Chamber: Dock fees will hurt retail trade
Haines business leaders say they’re afraid that a proposed jump in fees at the borough-owned Lutak Dock would be passed directly to local businesses, forcing up local retail prices and driving shoppers out of town.
Haines Chamber of Commerce president Ned Rozbicki said he’d be meeting with borough manager Mark Earnest Thursday to discuss concerns. "For businesses, it’s no different than an increased sales tax or a mill rate. It makes it harder for them to compete against out-of-town businesses."
One of the issues is the town has only one shipper, Alaska Marine Lines, he said. "We’ve got no negotiating capacity."
Rozbicki said he understands the borough has to charge a reasonable rate for use of the dock. "I don’t know what that reasonable rate should be. It’s a balancing act" between the borough’s needs and the cost to consumers, he said.
Rozbicki said he was hoping talks with the borough would provide some numbers for discussion, including the cost of maintaining the dock. "If you double the dock rates, what does that do to the amount businesses pay for freight? Those are the kinds of things we’re trying to figure out."
Earnest has said the dock fees haven’t been raised in years, and that additional revenues are needed to shore up the facility, which sees virtually all the town’s marine-shipped freight.
Don Reid, vice-president of operations for AML, said the company would increase its charges in proportion to their cost increase. "Whatever increase in cost we experience will ultimately be passed on to the consumer."

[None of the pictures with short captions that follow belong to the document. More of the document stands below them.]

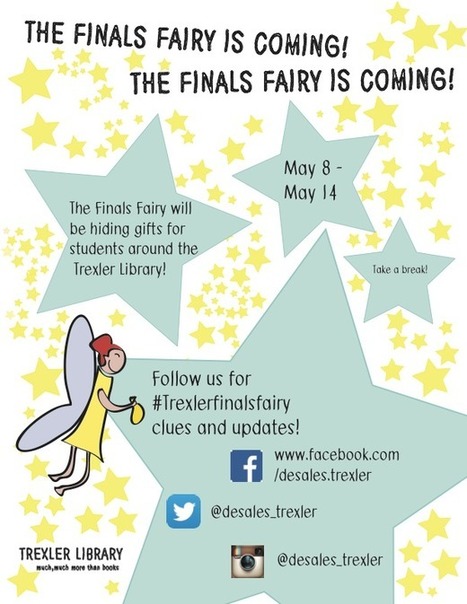 Finals Week: It Has Arrived! | Creativity in the School Library | Scoop.it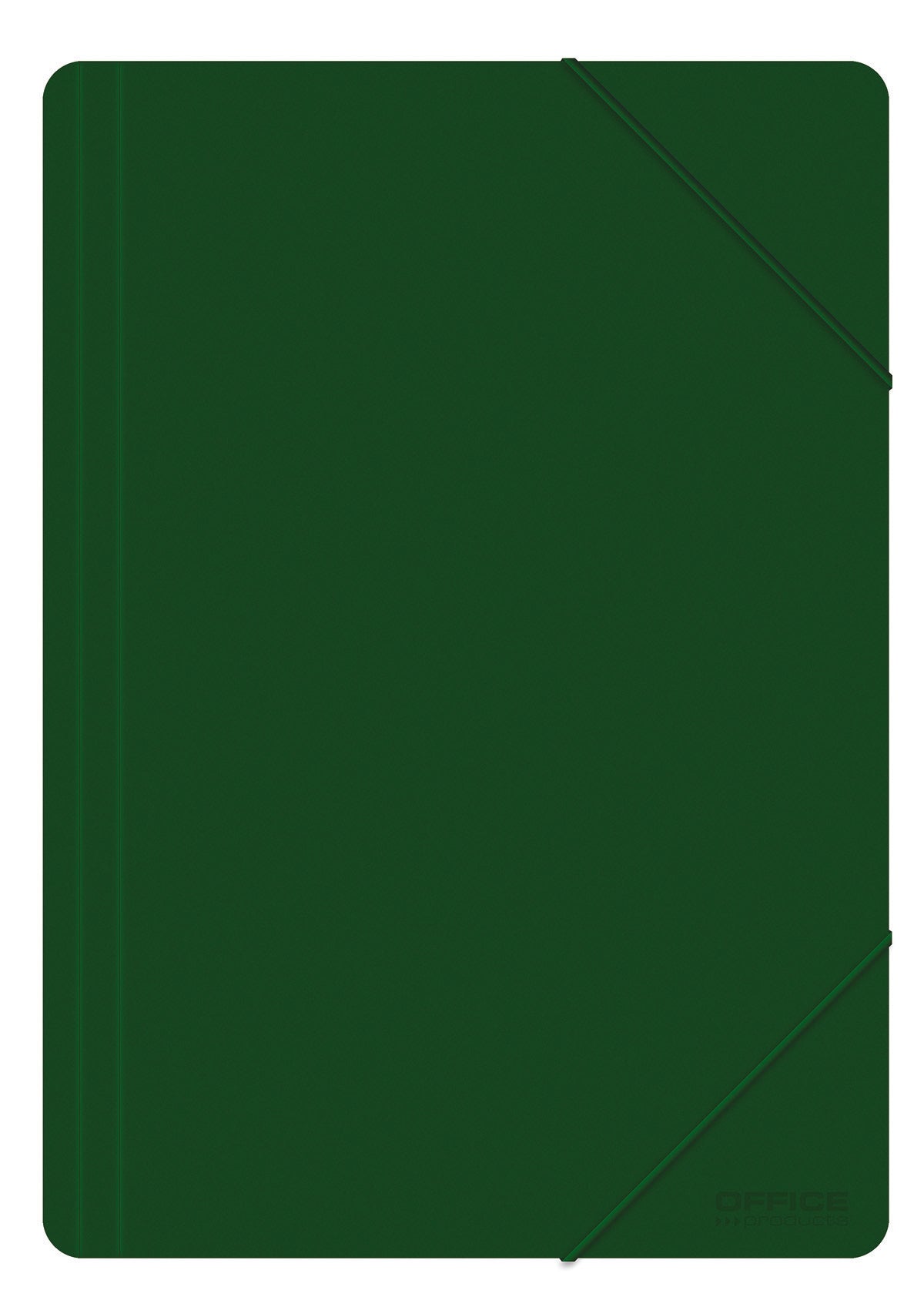 Mapa Plastic Cu Elastic Pe Colturi, 500 Microni, Office Products - Verde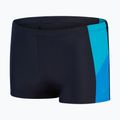 Bokserki kąpielowe męskie Speedo Dive Aquashort true navy/bondi blue/aquarium 4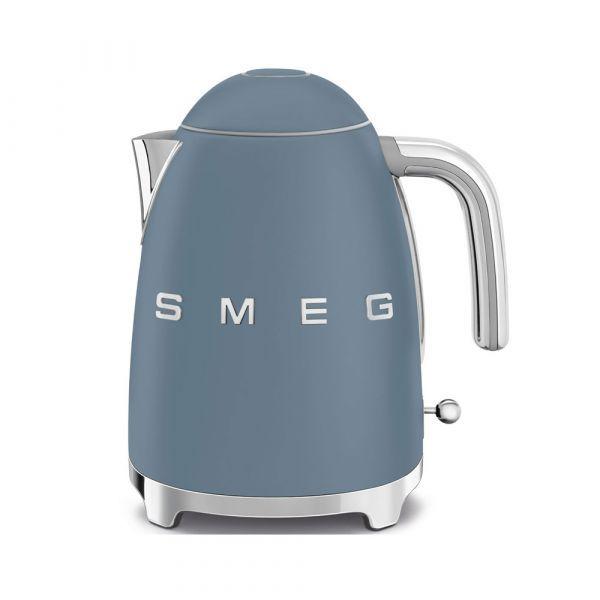 Jarro Elétrico SMEG KLF03SBMEU (2400 W - 1,7 l - Aço inoxidável - Azul)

The borough’s wharfage cost of $2 per ton is comparable to $2 or $2.50 per ton charged at other public-owned docks in Southeast, he said. An increase to $3.50 instead of $8 as proposed by the borough wouldn’t hurt consumers as much, he said.
Haines’ situation – municipal maintenance of a dock built by the state or federal government – isn’t unusual in Southeast. And docks are expensive to maintain, he added. "From our standpoint, (Lutak Dock) is a pretty nice facility. It works well."
Northland Services, a competing shipper, served Haines for about a decade, stopping in 2007. "There wasn’t enough business or market in Haines to support two, full-time carriers and (AML) already had the infrastructure in place," said operations manager Mike Highley. For the company’s last five years here, Northland shipped aboard AML vessels, he said.
"I understand (freight rates) took quite a jump when we weren’t there anymore," Highley said, adding that competition is good for the consumer.
He said Rozbicki’s fears about the increase being passed on are founded. "I’d say that’s exactly what’s going to happen. The (increased) costs have to come from somewhere and, unfortunately, they would go directly on the consumer."
Highley said Northland might resume service here if Haines were to become a hub for the natural gas pipeline or if a road were built from Juneau. "We’d certainly entertain trying to come in there."
The company currently serves Haines-sized communities in southern Southeast, but costs there are relatively less because Juneau-bound barges from Seattle already are passing by those towns, he said.